My pet peeve?
Everybody's complaining how "nowadays" electronics last shorter than ever, but it's been the same song for decades and decades, as long as I can remember.
Obviously this is just impossible, given limitations of physical reality, such as product lifetime having to be a positive number. It's the same story how certain people can't stand how Christmas advertising "starts earlier every year", have complained about this for decades. What, does it start in January now?
If you look at the advertisements from 1950's, consumer electronics was always about price. It always was race to the bottom.
Really the only actual reason why people erroneously think that old electronics was more reliable, is the selection bias, those products, or very simple products, that somehow ended up lasting long are here to stay. All crap was thrown away after fixing them become non-option.
I do accept the argument that relying on software ecosystem on the cloud makes "bricking" otherwise functional devices a real possibility and this has actually happened. But this is not what people complain about, they complain about build quality and component quality, which in reality is better than ever. 1960's television sets required constant servicing, it was completely normal to have repairmen come over and replace components, fix solder joints etc, and people were relieved when they could upgrade to a newer gadget, for example color television.
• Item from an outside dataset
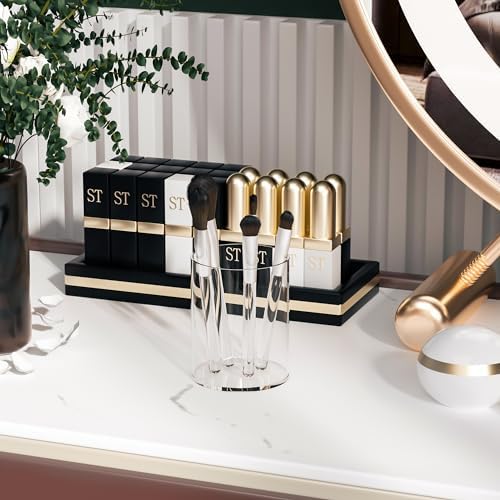 Clear Acrylic Pen Holder Round Shape, Desktop Pencil Cup Holder, Countertop Stationery Organizer for Office Desk Accessory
Someone somewhere said well that today's commercial grade components are equivalent to the military grade of two decades past and this is easy to believe. A $0.005 part of today includes more qualifications, data points and design guidance than a $100 military part of 1970's. While failures do still happen, the sheer number of electronic gadgets in an average household has skyrocketed. This is all enabled by the fact that devices are surprisingly long-lasting. Heck, I can't remember when I last time had a failed electronic device. Oh, I had a capacitor failure in an ATX PSU 15 years ago. Capacitor problems were common back then. This problem has nearly been solved as well.